On foreign policy, Mr. Obama now faces heightened expectations first and foremost on the war in Afghanistan, where he sits at a critical juncture in his decisionmaking on US strategy and troop strength. The timing of the award’s announcement is ironic: Friday afternoon, Obama holds the latest meeting of his national security team on Afghanistan, and it’s possible the issue of troop strength will be discussed for the first time. Ultimately, Obama may well decide to add troops to the effort, after having already escalated US presence there this year.

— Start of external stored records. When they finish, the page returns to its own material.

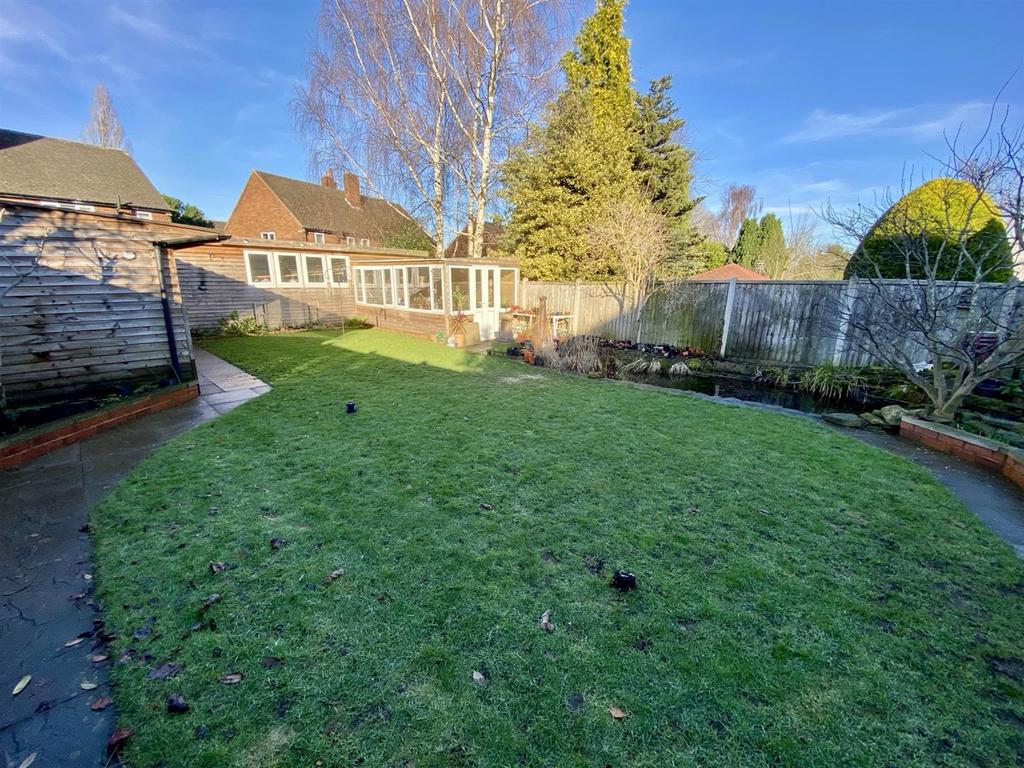 Bramleys Estate Agents - Thornhill - Edge Top (2).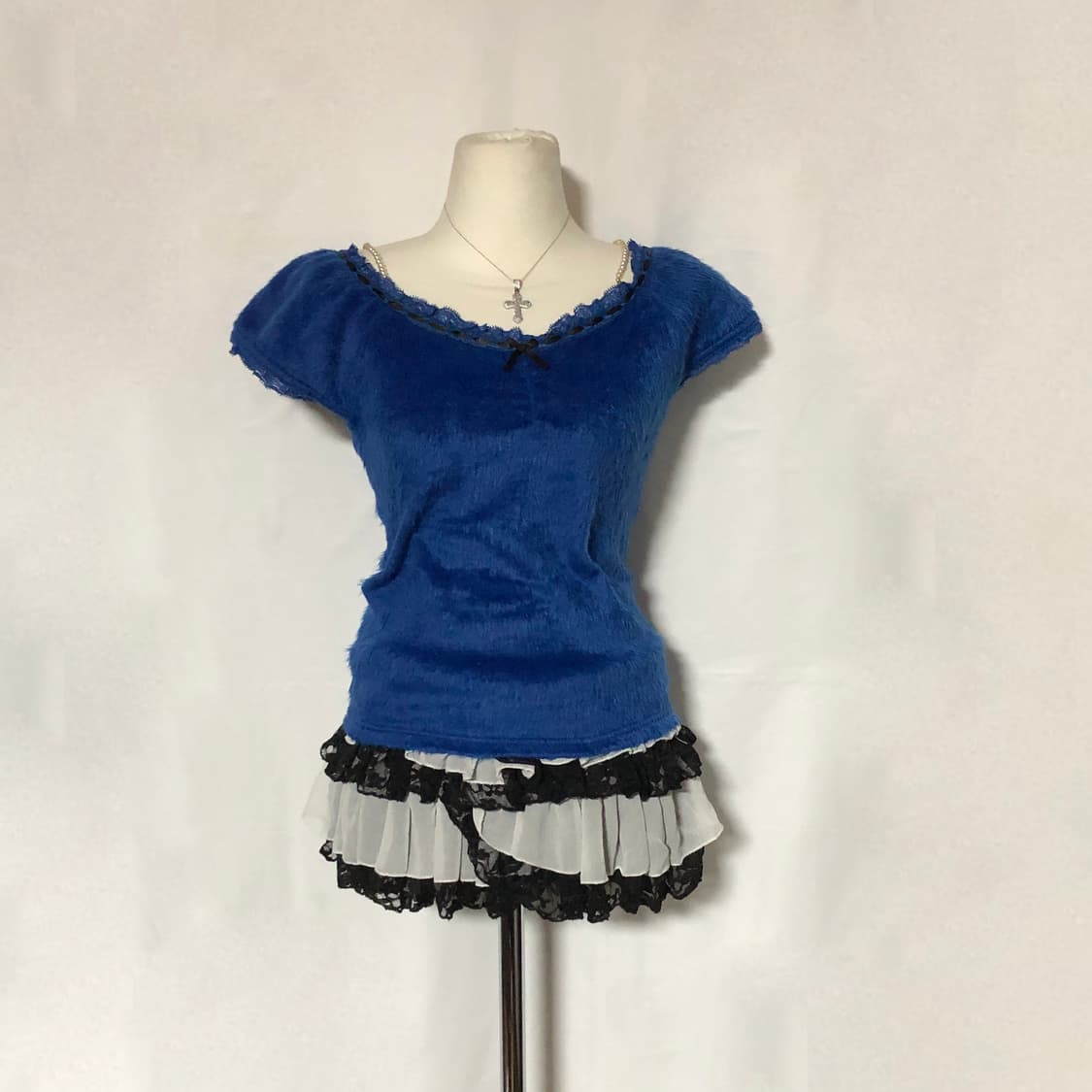 리본 퍼 퍼프 슬리브 탑 블루 상품이미지4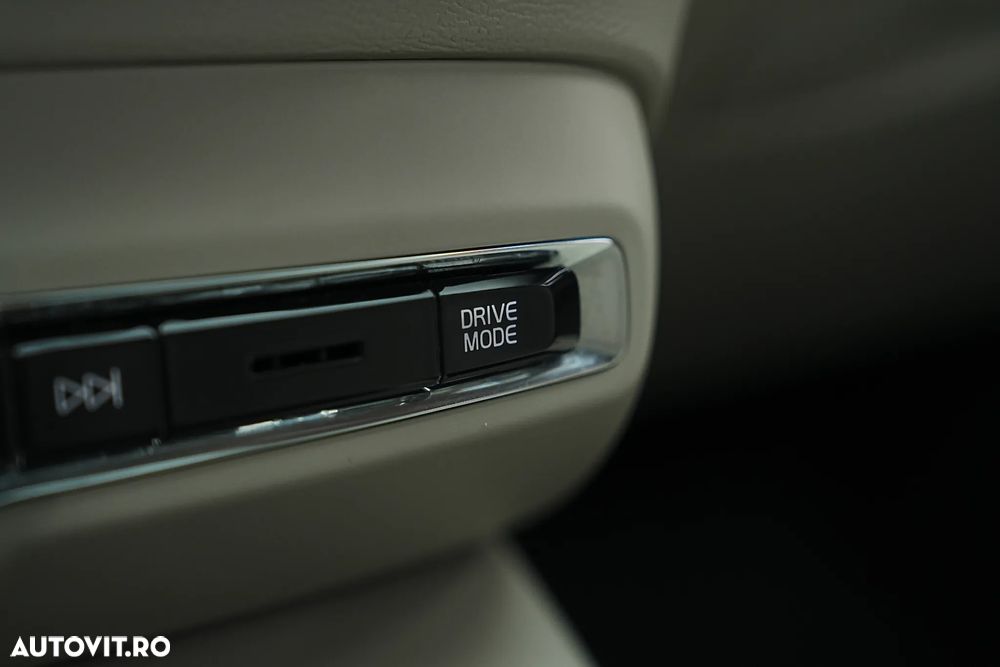 Volvo XC 40 T5 Recharge DKG Inscription - 33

Other areas of unfinished business in the foreign arena include the promised closure of the Guantánamo Bay prison camp, Middle East peace, Iran’s nuclear ambitions, and the Iraq war. In all of these areas, the question will be whether Obama’s Nobel Prize affects his own perceptions of how he needs to proceed, as well as how he is judged by others.

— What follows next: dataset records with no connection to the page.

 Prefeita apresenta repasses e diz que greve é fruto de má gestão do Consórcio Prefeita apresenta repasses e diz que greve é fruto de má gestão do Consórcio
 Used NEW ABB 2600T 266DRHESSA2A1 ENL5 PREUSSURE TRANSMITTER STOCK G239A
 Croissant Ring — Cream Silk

On domestic affairs, Obama’s new moniker – “Nobel laureate” – could either heighten his stature at a time when he is being lampooned for accomplishing little or it could spark a backlash, as conservative pundits push the perception that the prize is undeserved.
In remarks Friday morning, Obama himself voiced the notion that he did not deserve the prize.

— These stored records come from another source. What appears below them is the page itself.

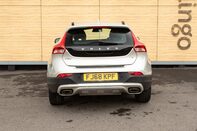 Volvo V40 T3 CROSS COUNTRY PRO 6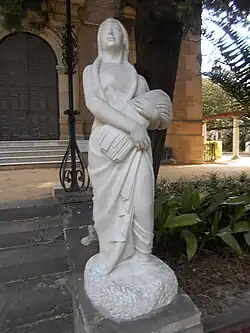 Alegoría de la primavera (1945), Jardín de la Fundación Julio Muñoz Ramonet.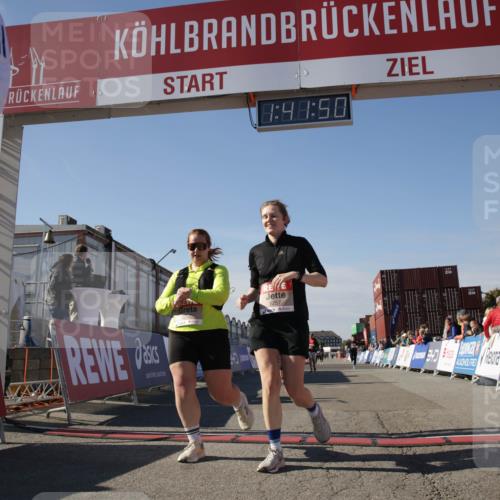 03.10.2025 - Köhlbrandbrückenlauf Jannik Wohlers http://msf.ph/oto/9122378 03.10.2025 13:41:50 Ziel 5193, 5232, 5250, 5257, 5315 meine-sportfotos.de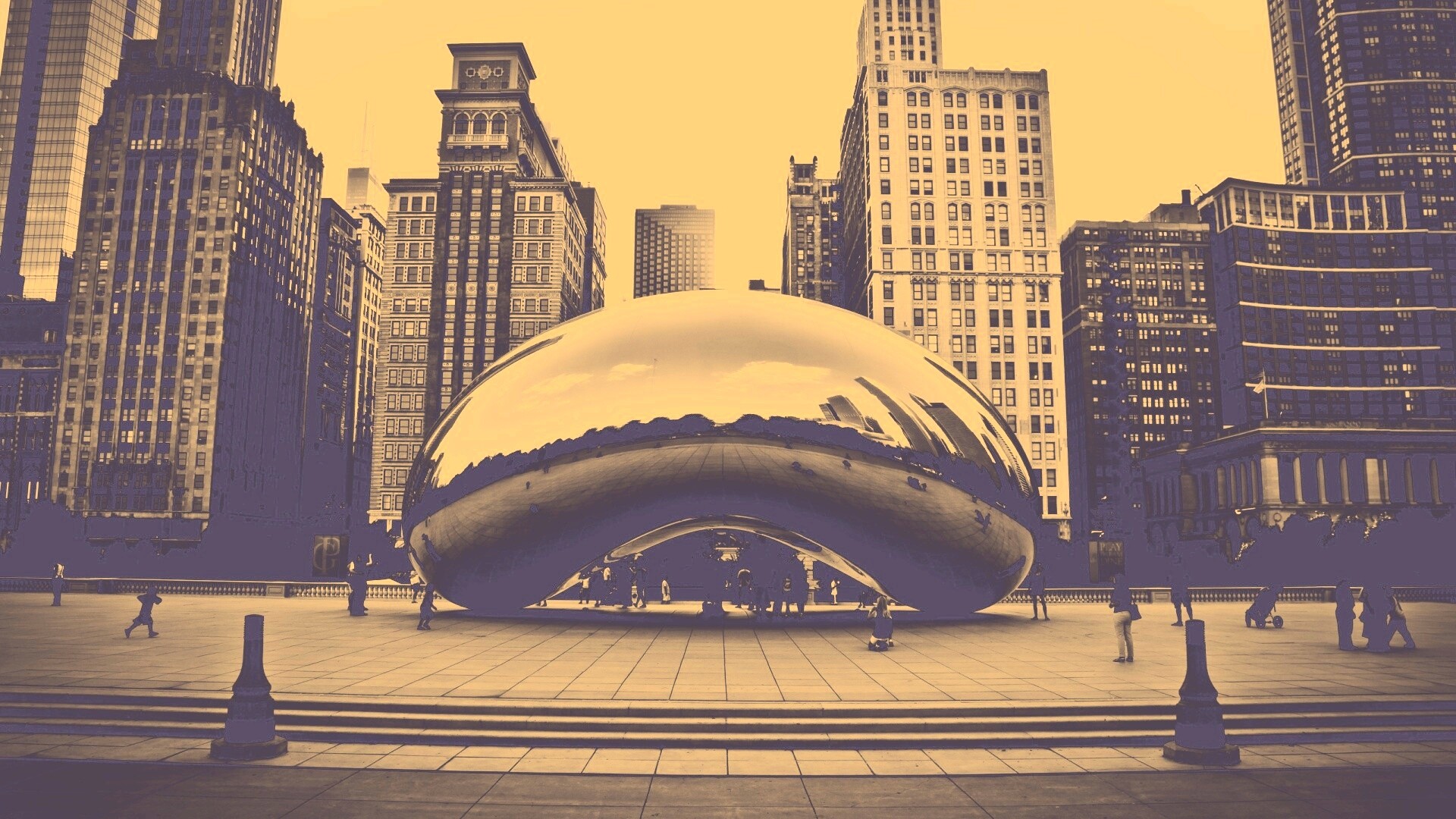 Отражение города в зеркальном монументе обои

“I am both surprised and deeply humbled by the decision of the Nobel committee,” the president said from the Rose Garden. “Let me be clear. I do not view it as a recognition of my own accomplishments, but rather as an affirmation of American leadership on behalf of aspirations held by people in all nations.”
He said he would accept the award “as a call to action, a call for all nations to confront the common challenges of the 21st century.”
In its statement, the Norwegian Nobel Committee signaled that it had selected Obama not so much for concrete accomplishments as for creating “a new climate” in international politics.
“Only very rarely has a person to the same extent as Obama captured the world’s attention and given its people hope for a better future,” the committee wrote.
The committee also drew not-so-subtle contrasts with Obama’s predecessor, George W. Bush, without mentioning him by name. “Multilateral diplomacy has regained a central position…,” the committee said. In recent years, the committee has awarded the peace prize to other Bush critics, including former President Jimmy Carter, former Vice President Al Gore, and economist Paul Krugman.
Conservatives jumped on the news immediately and with derision. Talk-radio host Rush Limbaugh called it “a greater embarrassment” than losing the Olympics a week ago in Copenhagen.
"This fully exposes the illusion that is Barack Obama," Mr. Limbaugh told Politico.com in an e-mail. "And with this 'award' the elites of the world are urging Obama, THE MAN OF PEACE, to not do the surge in Afghanistan, not take action against Iran and its nuclear program, and to basically continue his intentions to emasculate the United States."